**Task input:**

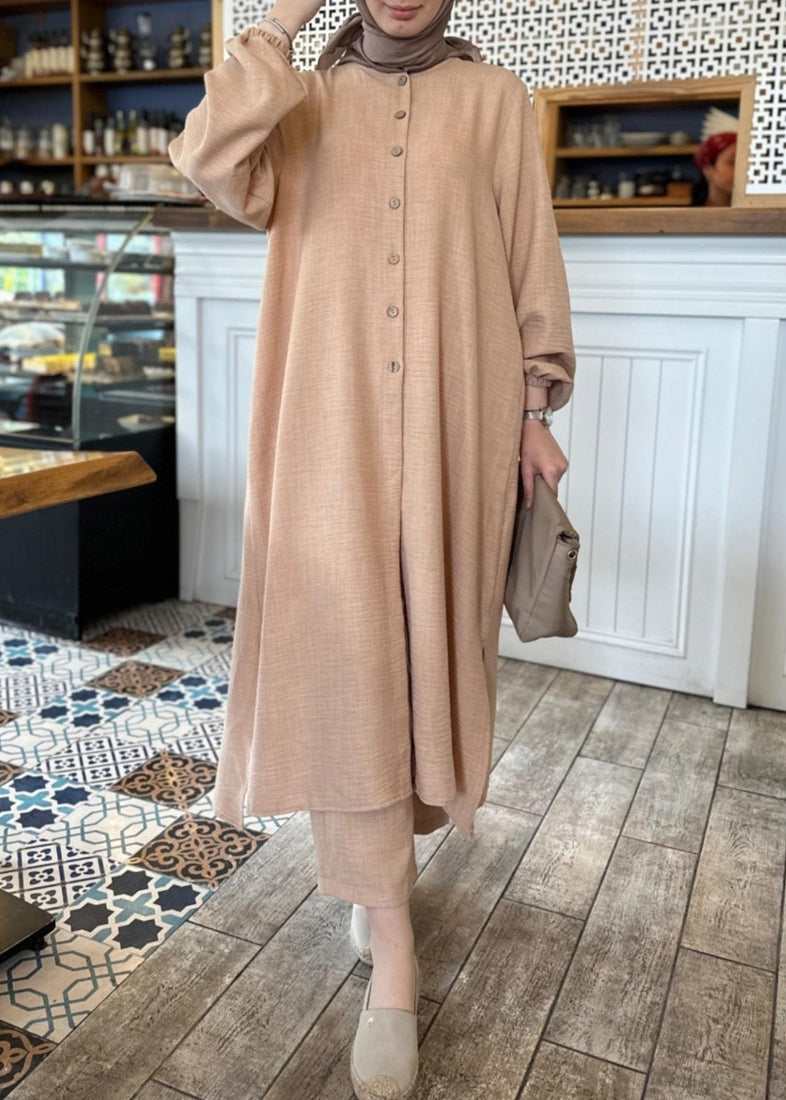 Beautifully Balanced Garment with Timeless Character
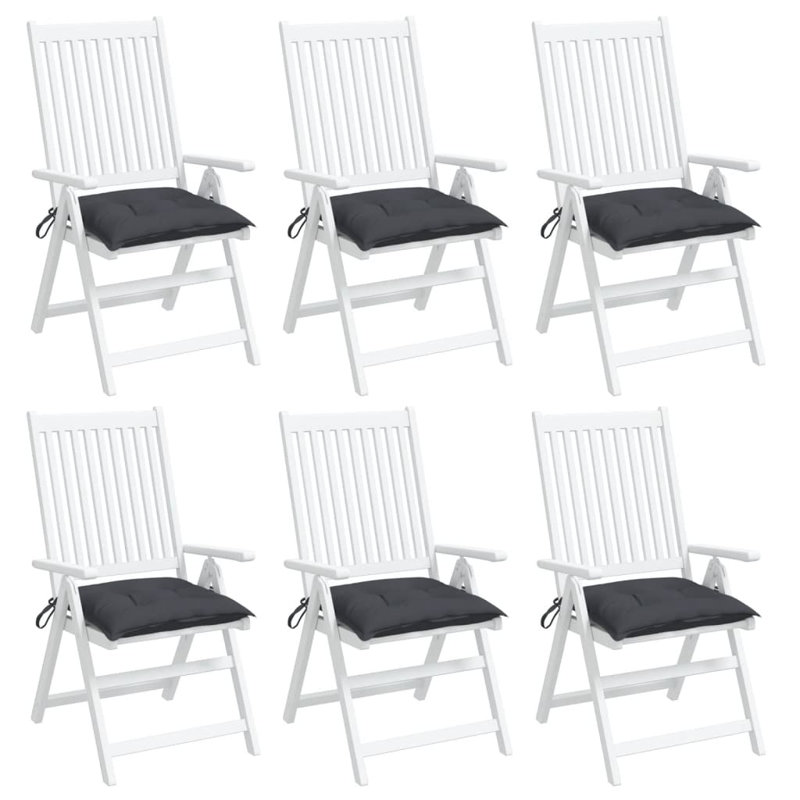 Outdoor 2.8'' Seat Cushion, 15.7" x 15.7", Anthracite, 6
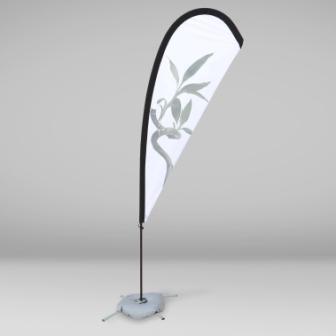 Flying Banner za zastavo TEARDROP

==

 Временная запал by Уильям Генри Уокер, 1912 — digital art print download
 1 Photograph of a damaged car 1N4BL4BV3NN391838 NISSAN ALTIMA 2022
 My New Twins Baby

**Assignment:**
Among the entries above, the line containing "Временная запал by", the line containing "My New Twins Baby", and all lines between them are to be restated word for word; nothing else belongs in the reply.

**Answer to this task:**
 Временная запал by Уильям Генри Уокер, 1912 — digital art print download
 1 Photograph of a damaged car 1N4BL4BV3NN391838 NISSAN ALTIMA 2022
 My New Twins Baby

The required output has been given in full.